Gue tetap membalas dia dengan tenang, “Lo tau dari mana dia nguntitin lo? Siapa tau dia emang cuman mau nyamar aja. Gue malah kepikiran dia mau bikin channel Youtube yang isinya social experiment.”

Zetta mengangga, mungkin takjub dengan pemikiran jangka panjang gue. “Wah…” dia kehabisan kata.

“Impressed?”

Wajahnya masih sama, bahkan sekarang nampak jauh lebih marah. Dan itu yang gue harapkan.

“Lo nyebelin, tau gak?” Dia menyandarkan tubuhnya dengan tangan dilipat di depan dada, menatap gue jengah. Bossy.

Gue gak menyerah, gue malah mendekatkan bangku gue pada meja, lalu memajukan badan gue, hingga jarak kita semakin dekat. “I’m complimenting you.”

“Thank you, tapi gue gak ngerasa dipuji.”

“Jadi lo mau gue puji dari hati banget?”

Zetta mengangga lebar dengan wajah kesalnya, dia sudah menegakkan badannya sekarang, “Stop”

Gue manarik badan gue untuk duduk bersandar, gue nggak perlu lagi buat meneliti satu persatu yang dia pakai, karena sejam mentapi dia udah membuat gue cukup hapal penampilan dia saat ini.Jadi hal yang mudah buat gue memuji dia saat ini juga.

“Gue suka cincin lo, gak terlalu besar, tapi cukup bikin jari jari kelihatan manis.”

“Gue bakal nendang lo, kalau masih lanjut.”

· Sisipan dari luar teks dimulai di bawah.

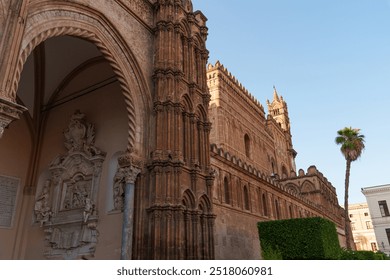 Close-up of the ornate facade and arched entrance of Palermo Cathedral in Sicily, highlighting its intricate Norman architecture and decorative elements - Powered by Shutterstock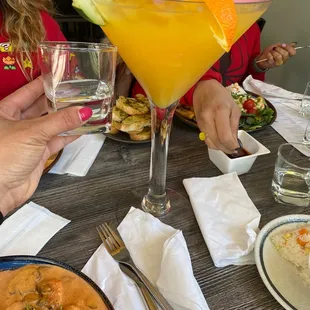 a woman sitting at a table with a drink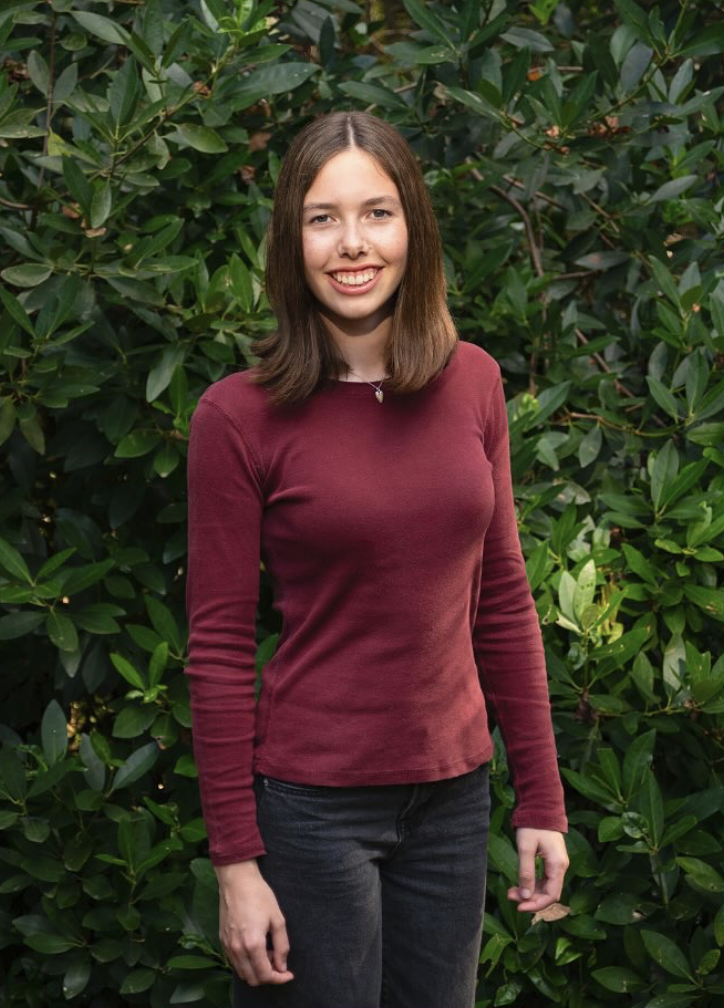 A young woman with shoulder-length brown hair, wearing a maroon long-sleeve shirt and dark jeans, standing outdoors in front of green leafy bushes, smiling at the camera.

“Bulu mata lo lentik, bikin mata hitam pekat lo makin cantik.”

Zetta memperagakan gerakan muntah, “Ew.”

“Gue juga suka—“

“Stop, lo budeg y—“

“Tai lalat di hidung lo.”

Kemudian, tiba tiba aja dia diam. Gue menaikan sebelah alis gue.

Gue bukan tanpa sebab dipanggil buaya darat. Ada banyak hal dari cewek cewek yang gue mengerti, salah satunya, gimana perasaan mereka akan meleleh pada perhatian-perhatian kecil. Gue kira hal ini nggak akan berlaku buat cewek galak yang selalu berusaha kelihatan nggak tertarik sama gombalan buaya, tapi melihat dia yang terdiam dengan mata mengunci tatapan gue, gue sadar dia juga tetap cewek.

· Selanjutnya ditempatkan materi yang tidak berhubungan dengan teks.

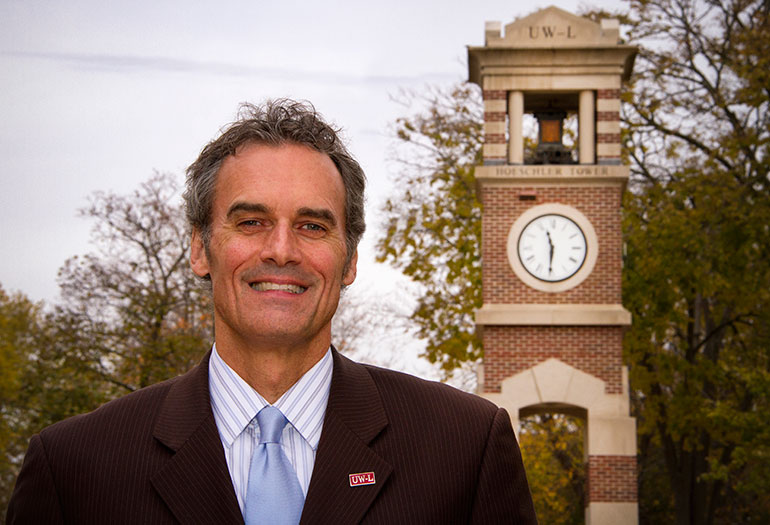Photo of Chancellor Joe Gow in front of Hoeschler Tower. 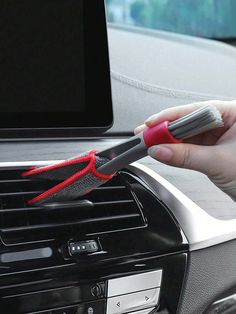 a person holding a brush in their hand while sitting in a car with the radio on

Dia berdehem singkat, kemudian kembali menatap gue. “Makasih banyak.” Ucapnya tegas dengan tatapan berusaha mengintimidasi gue. “But you really really have to stop it.”

Marah lagi dong.

“Kalau gue gak mau?”

Dan Zetta kelihatan kembali marah.

“Gue bakal beneran nonjok lo,” Zetta nggak bercanda, dia udah siap melipat lengan bajunya, bahkan bangkit berdiri. “Gue sabuk merah taekwondo, jadi gak usah takut buat mukul balik.”

Tawa gue yang dari tadi gue tahan dalam hati, menyembur keluar.

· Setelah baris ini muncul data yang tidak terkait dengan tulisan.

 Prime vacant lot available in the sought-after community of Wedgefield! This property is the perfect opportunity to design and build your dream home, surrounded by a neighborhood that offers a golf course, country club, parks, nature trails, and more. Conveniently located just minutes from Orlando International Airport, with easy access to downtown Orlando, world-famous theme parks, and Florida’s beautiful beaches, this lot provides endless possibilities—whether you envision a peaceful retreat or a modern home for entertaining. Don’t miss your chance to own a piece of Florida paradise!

“Sinting ya lo? Gue ngajak ribut, bukan lagi stand up comedy!”

Gue susah payah menahan tawa gue melihat betapa lucunya Zetta saat ini. Di sela tawa gue, gue berusaha meraih tangannya, lalu menariknya untuk kembali duduk.

“Apaan sih! Jangan pegang pegang!” tangan gue dihempas begitu saja setelah ia kembali duduk.

Setelah berhasil menahan tawa, gue menatap dia dengan wajah sumringah, dan mendapati wajah kesal dan tertekuknya. “Emosian banget.”

“Emang!” balas Zetta secepat kilat lalu memukul lengan gue dengan kencang. “Udah berapa kali gue bilang! Makanya gak usah deket deket gue.”

Tapi, Zet, ada kepuasaan yang gue rasa tiap kali berdebat sama lo yang galak dan punya kesabaran tipis ini. Gue merasa puas melihat wajah lo yang memerah menahan marah itu, tatapan geram itu, balasan balasan ketus itu, bahkan ketika lo melayangkan pukulan itu.

Bilanglah gue gila, tapi mungkin begitu adanya. Karena gue suka melihat lo yang marah, dan gue memutuskan untuk mencari segala cara biar lo marah lagi.

“Lo pernah makan nasi goreng di thamrin?”